Researchers from Germany’s Helmholtz Centre for Environmental Research revealed that 90% of the world’s plastic waste comes from just 10 rivers. The study suggested that the most effective way of reducing the amount of plastic in the world’s oceans is by addressing the sources of pollution along such waterways as these.

You may have heard of the Great Pacific garbage patch, or the Pacific trash vortex. It’s a collection of plastic, floating trash generally located halfway between Hawaii and California. Now contrary to depictions on TV, it is not some island of plastic floating around, that you could walk on. (I’m looking at you, CBS, and that episode of “Scorpion”.) It has only 4 particles per cubic meter, so you could be in a boat in the middle of it and not realize it. It doesn’t even show up on satellite pictures. Still, it’s not an accomplishment we humans should be proud of. So much trash floating around is clearly not good for the marine environment. And since most of it is plastic that doesn’t degrade well, or at all, things can only get worse.
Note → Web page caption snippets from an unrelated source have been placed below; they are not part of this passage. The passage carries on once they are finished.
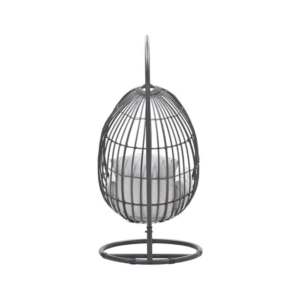 Panama hangstoel eivorm met grijze kussens en ronde voet, frontaal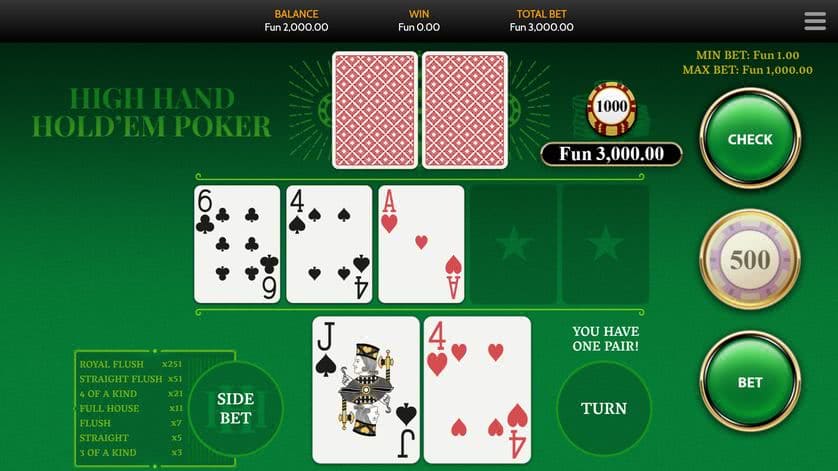 High Hand Hold’em Video Poker online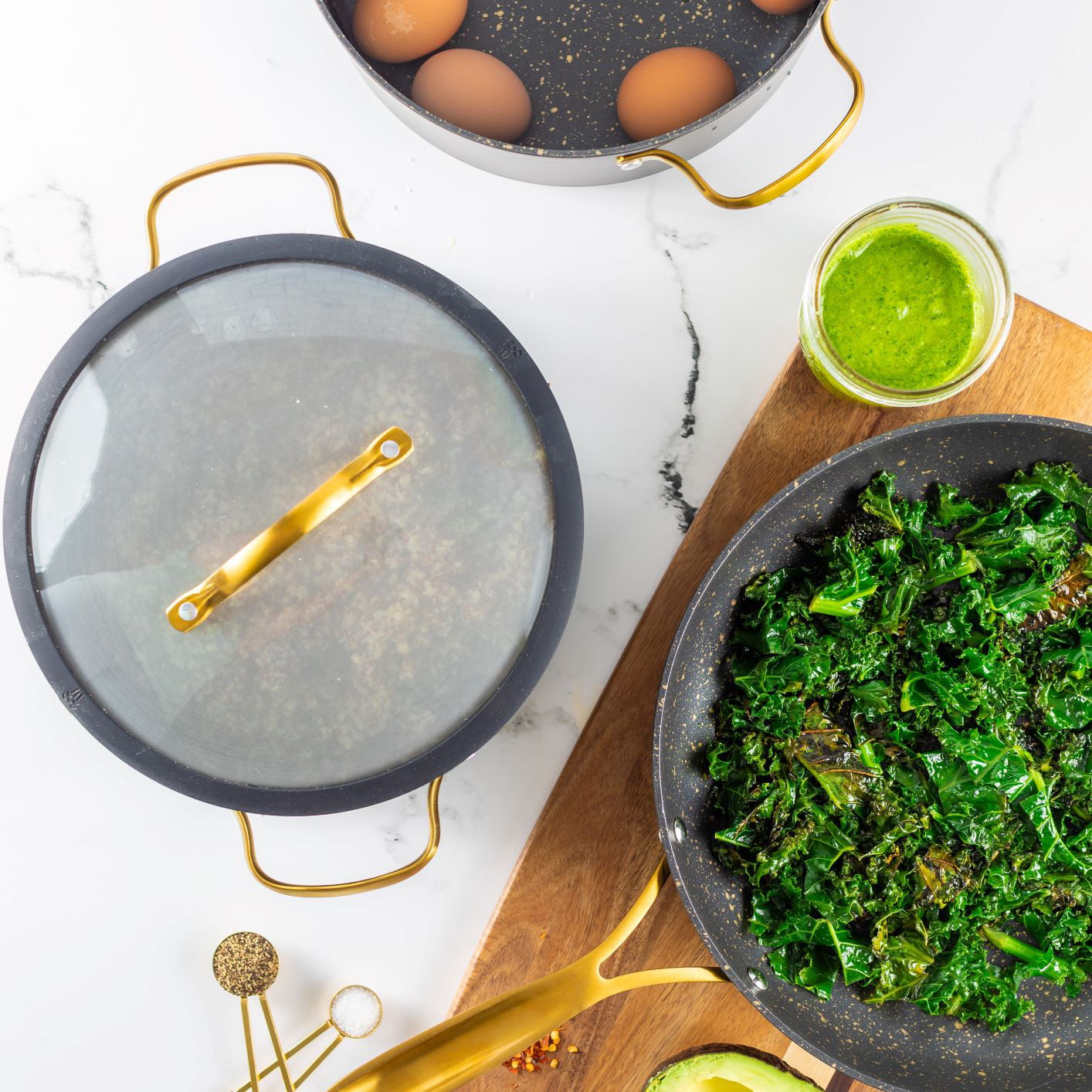 Thyme & Table Non-Stick 12 Piece Gold Pots And Pans Cookware Set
One way to combat this is to look at those 10 rivers that dump, as I said, 90% of the plastic garbage. We could start by looking at our own Mississippi River or St. Lawrence Seaway. Well, we could look there, but we wouldn’t find much. That’s because neither of those rivers are in the top 10. In fact, none of those rivers are even in the Western hemisphere. Additionally, none of them are in Europe.

Instead, 2 of these rivers – the Nile and the Niger – are in Africa, and the rest in are in Southeast Asia, with China’s Yangtze River clocking in at #1 on the hit parade. There’s a link in the show notes with a map, and more details.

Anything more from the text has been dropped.